My first experience with Woody Allen’s Annie Hall was in the autumn of last year. I wasn’t entirely won over. I had seen bits and pieces of Allen’s oeuvre prior to the 1977 classic, and perhaps my expectations were a bit too high. While delighted and charmed by the romantic tale it was slightly unsatisfying.
We’re now back in autumn, and since last November I’ve seen Annie Hall a total of 10 times – and it has become my favorite film. Interspersed with romanticism, wit, and heartbreak, I’ve yet to witness a motion picture deliver the familiar story of two people falling in and out of love with as much care and affection.
I mention Annie Hall because it’s a prime example of my emotions towards a piece of art evolving over a series of repeated viewings.There haven’t been many occasions when my opinion of a particular film radically altered. However, I write here now knowing that my stance on a certain film has, indeed, changed.
For those unaware, in attending this year’s Toronto International Film Festival I published (to my knowledge) the first negative review of Rian Johnson’s latest endeavor Looper.
That column was met with a flurry of blind rage once linked to Rotten Tomatoes. The comments, which are now at 167 and counting, ranged from grammatically incorrect death threats to incoherent ad-hominem attacks.
The vile messages left by those few individuals who spend far too much time obsessing over the positive critical percentage of a movie didn’t bother me as much as their intolerance for criticism. Although few critics on the infamous website will actually defend their opinions in the comment section (I can’t blame them), I went ahead and spoke out against my indignant detractors.
In response, I wrote I was inclined to see Looper once more because of my unabashed admiration of Johnson’s 2006 modern-noir masterpiece Brick. After the unmitigated hostility towards my review continued with seemingly no conclusion, I started to contemplate the concept of opinions and how film critics seem to authoritatively wield them. One’s opinions, no matter the subject matter, should never be definitive. Especially when it comes to something as dense, enigmatic, and multi-faceted as cinema.
And so last night I re-watched Looper with an open mind, hoping that I’d be satisfied and that my past criticisms would go by the wayside. Much to my surprise, my wish was granted. After two hours of being immersed in the atmospheric dystopian future Johnson had created, my initial opinion that the film failed to emotionally connect vanished. That’s not to say all my past criticisms are now invalid. But what I realized toward the back half of Looper is that I deeply misread some of the ideas and images on the screen.
Rian Johnson’s third directorial effort is not a Sci-fi film, it’s a human one. Yes, the characters operate in a world in which time travel is possible and a miniature Magneto-esque individual rules society. However, younger Joe’s (Joseph Gordon-Levitt) dream of paradise in France, older Joe’s (Bruce Willis) devotion to his lover, and Sara’s (Emily Blunt) commitment to her supernatural child are bound together by palpable emotion.
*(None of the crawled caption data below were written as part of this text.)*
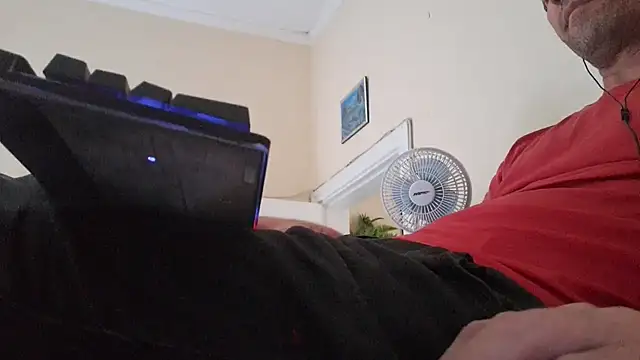 Sueliton2 online show from 31, 3, 2026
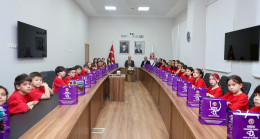 GENÇLERDEN VALİ EROL’A MÜZİK ZİYAFETİ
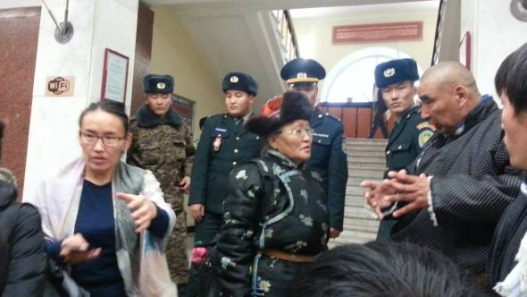 Эмзэг бүлгийнхнийг гудманд хаячихаад төрийнхөн тэдний нэрээр төсөв “саадаг” болжээ
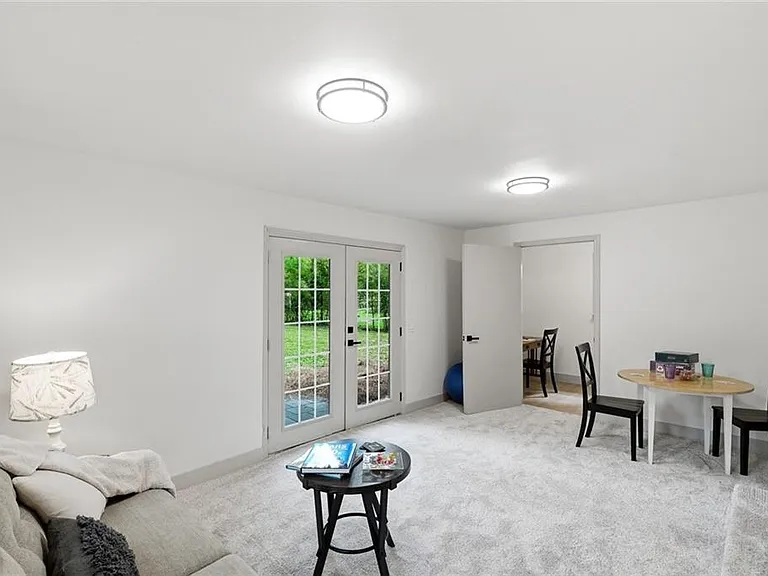 1079 Fairview Rd NW — Photo 7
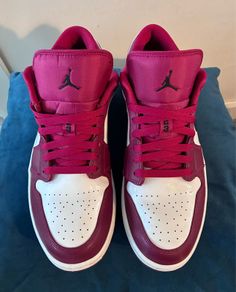 jordan 1 low Nobel red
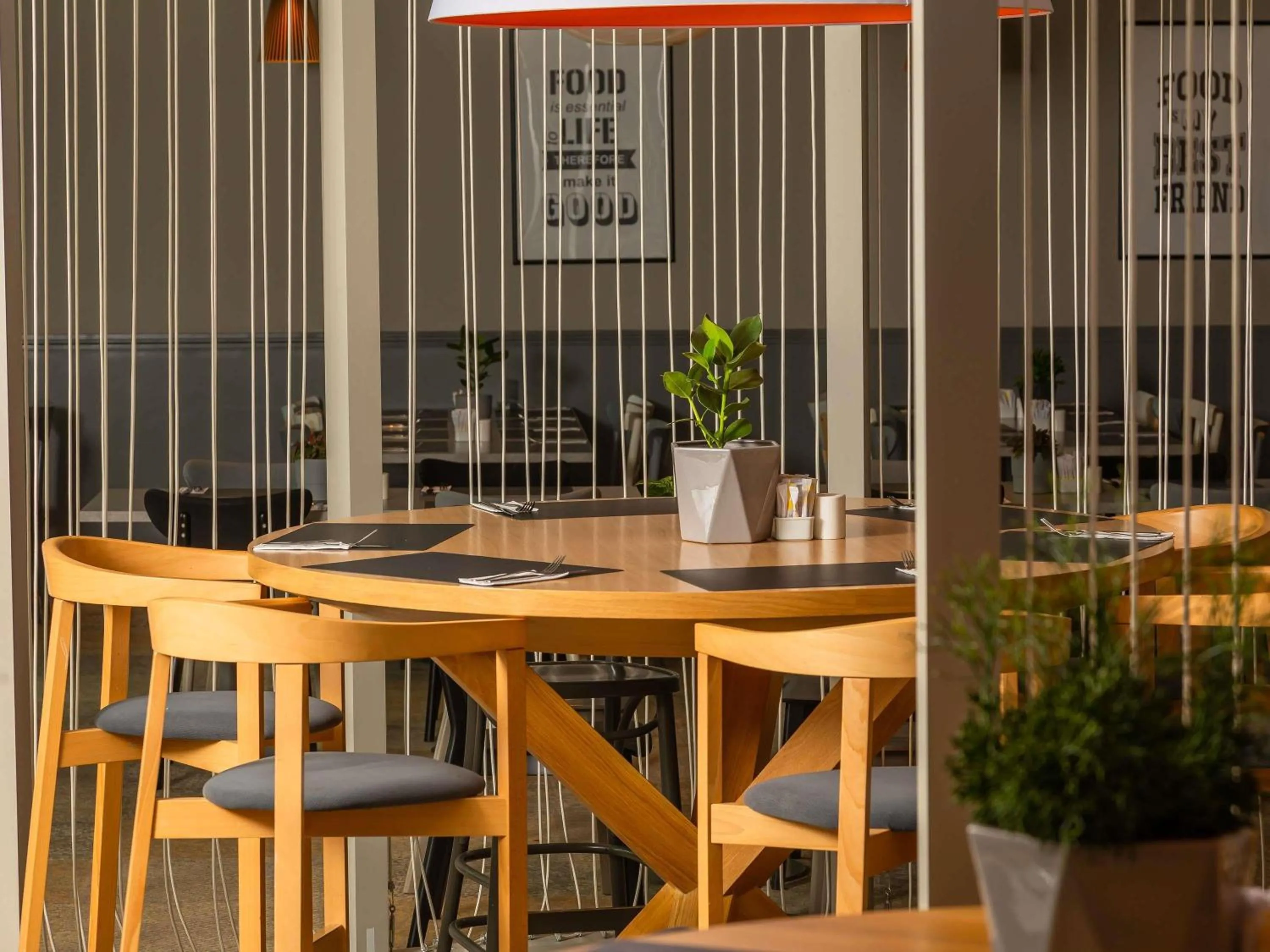 Restaurant/places to eat in Novotel Kraków City West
For every action there is a reaction. Through Looper Johnson perpetuates the philosophy that where we derive from influences who we are and what we’ll become. Even when the film spirals out of control, echoing the rhythms and designs of futuristic masterworks like Blade Runner and Minority Report, Looper always remains both intellectually stimulating and mystifying.
This will not be the last time a piece of filmmaking that will ignite polarizing responses upon repeated viewings. Nor would I want it to be. Film has the unique ability to evolve and devolve — influence and mold what we think and who we are. Some of my favorite films have become my favorite films by virtue of re-watching them. Imagine the vast amount of great works you or I may have missed out on if not for our practice of giving thoughtful films another chance?
For the record, I have no regret for my initial negative review of Looper. I have faith that what I wrote was a honest representation of how I felt towards the film at that moment. Writing about the movies isn’t easy and does not come natural. Being true to yourself should.